If people are in echo chambers, they’re going to share these messages with other people who share the same views. This spreads the message in that particular group that your candidate supports their views.

But obviously someone’s going to see the hypocrisy here! I would hope so, otherwise things are far worse than I think. However, a prepared and strategic campaign could be ready to counter this. It’s not hypocrisy to defend the 2nd Amendment but also think we need better gun control laws, is it?

Why not brand things as fake news? Trump is already using this strategy by labeling the entire mainstream media (except for Fox News of course) as fake news. Did your candidate say they supported reducing guns to a gun-loving crowd? If it’s a gun-loving crowd asking, no that’s obviously fake news. And vice-versa, ad infinitum.

Now this can get into quite a head-spin very quickly, but it’s also not entirely inconceivable. On top of that, I used a major issue as an example, maybe it starts with more minor ones first that are harder to pin a candidate down on.

To make matters worse, or scarier, consider this article. It shows that there’s technology that now exists to alter video and audio to make it look or sound like someone is saying something they actually never did in quite convincing ways. Just imagine where it’ll be in two years. You could produce the Donald Trump bus tape whenever you wanted.

And don’t think this kind of stuff wasn’t already happening in 2016. This article shows how the Trump campaign was using online data analytics from social media to target voters and seems to have worked quite well. In 2–4 years, there will be even more data and better algorithms.

Where do we go from here

So if you’re like me, going through this thought experiment makes you scared as hell. If we thought 2016 was a crazy bumpy ride, imagine what 2018/2020 will be like when you have a really hard time distinguishing what is real and what is fake.

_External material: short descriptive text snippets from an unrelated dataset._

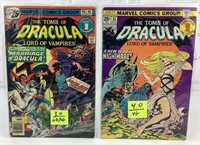 Marvel the tomb of Dracula #43, 46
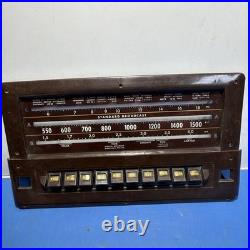 Vintage RCA RC 601 Tube Radio Chassis From K130 Console Untested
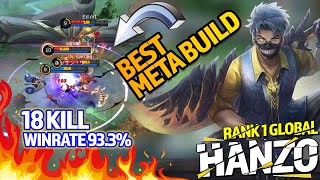 The KING Of The World Hanzo! Totally Broken! | Top 1 Global Hanzo Gameplay By ῆῆჯჯ ~ MLBB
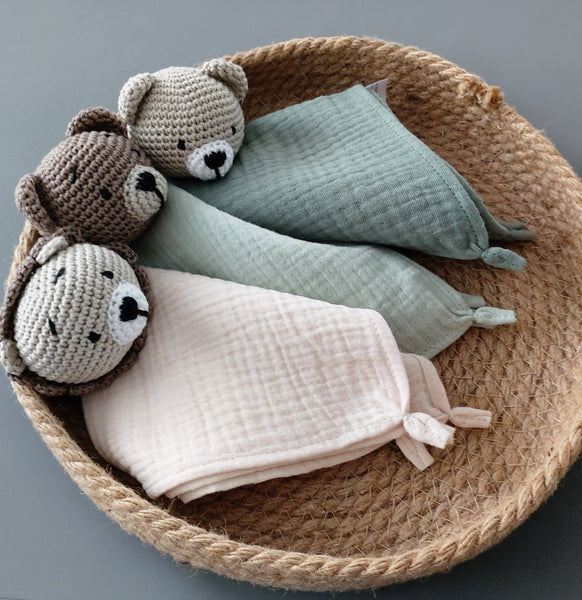Baby Schmusetuch aus Musselin 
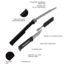 Aclim8 COMBAR Pro Multi-Tool Kit, Black, FG-006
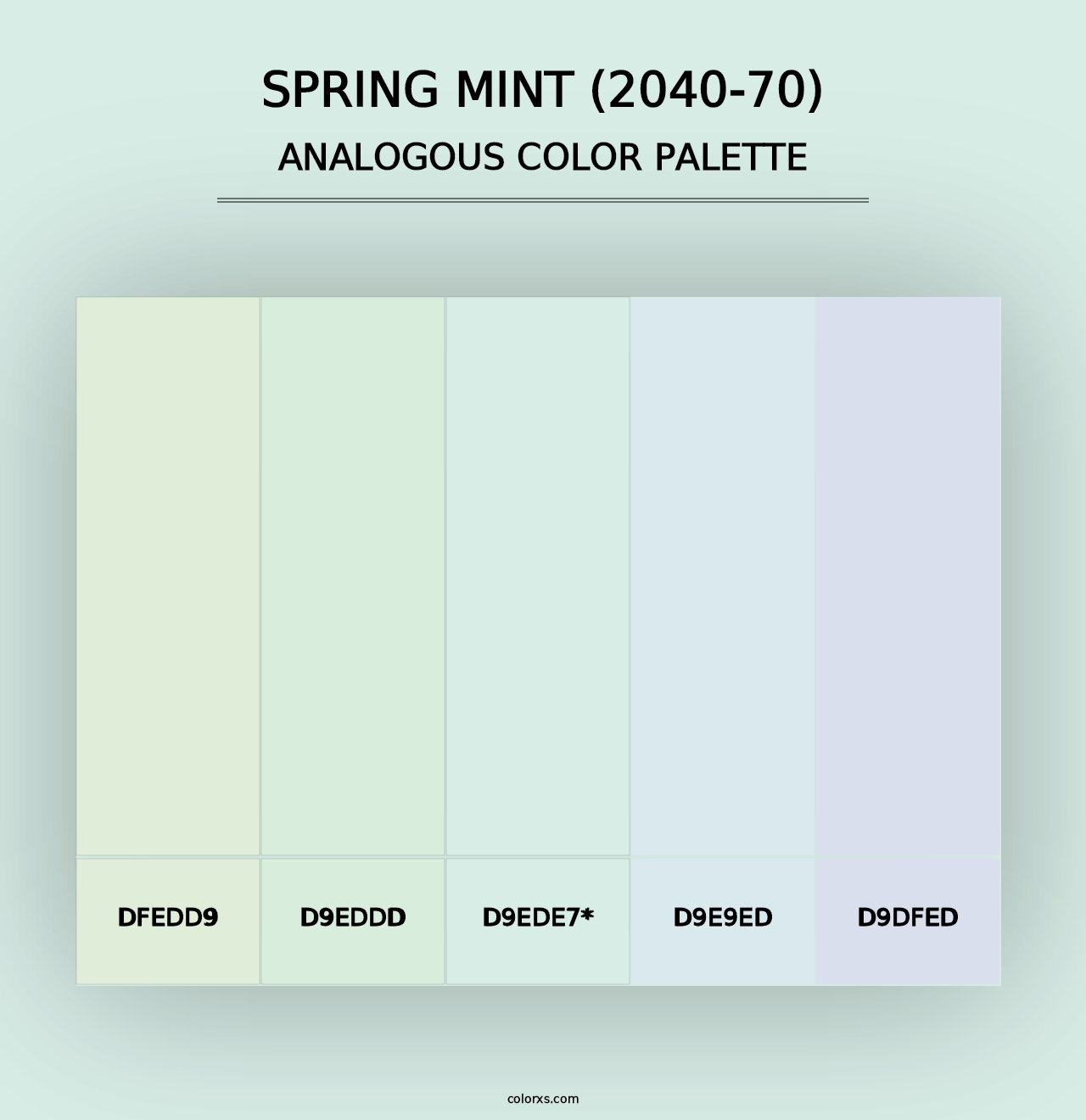 Spring Mint (2040-70) - Analogous Color Palette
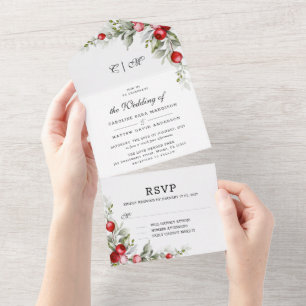 Noel Botanic Winter Wedding all in one tender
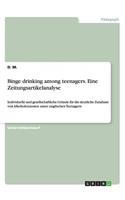 Binge drinking among teenagers. Eine Zeitungsartikelanalyse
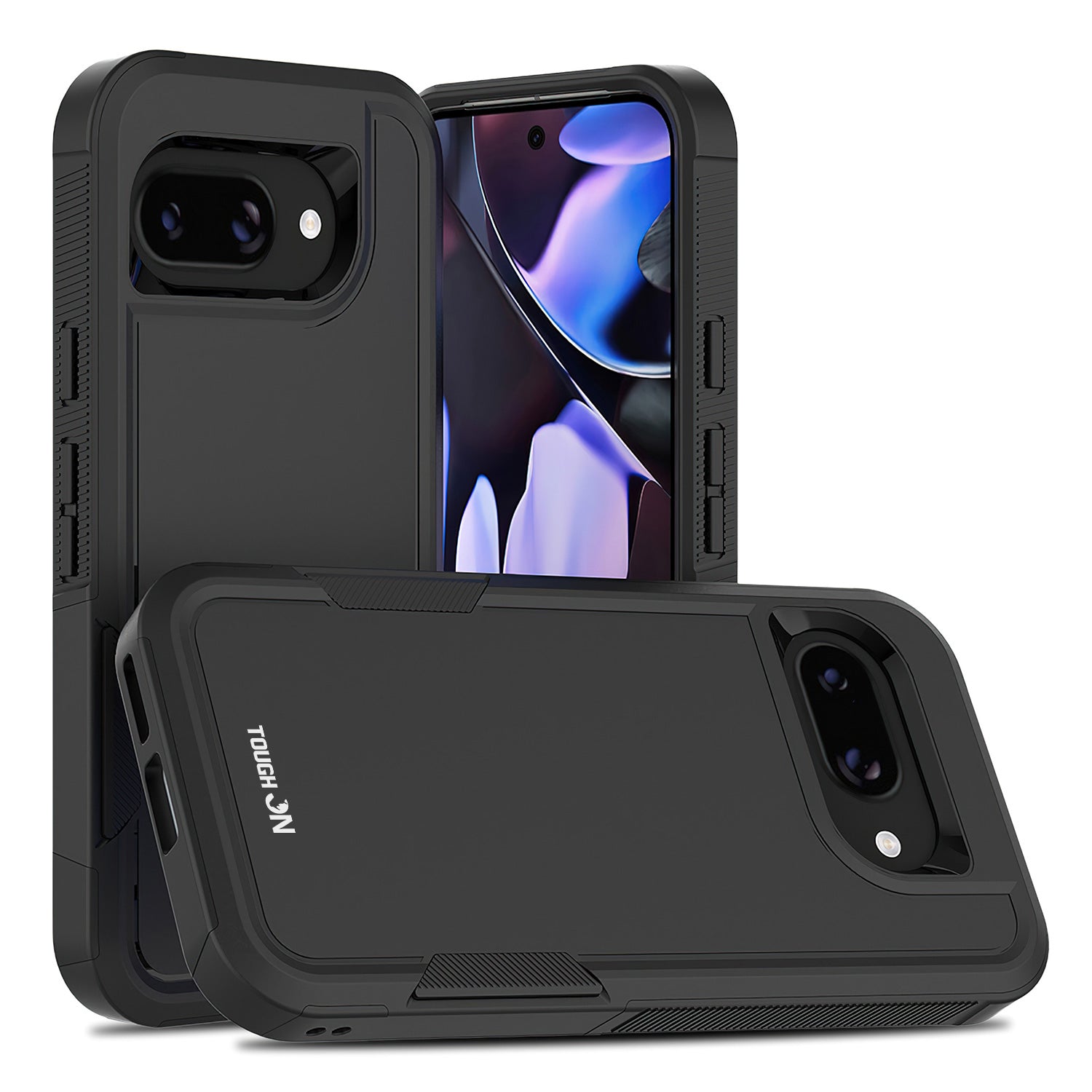 Tough On Google Pixel 9a Case Tough Armor Black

But the point of writing this is to get people thinking, to realize what’s possible, so we’re not caught off-guard in the next campaign season. It’s imperative we start to think about what the implications of these tools are and get out in front of this trend/technology. We need to build more tools that help people distinguish fact from fiction in an unbiased way.

Is this going to be easy? No. It’s going to be extremely challenging. But the same technology that can be used to create these tools can be used to combat them as well. The first step is being aware that they exist.

[1] As a technologist, I am coming at this from a biased angle but you cannot ignore the prevalence of technology in all aspects of life today. This is especially evident with how much technology ended up impacting the 2016 campaign, and I’d argue that it was because of underestimating technology’s role that a lot of people were surprised by 2016.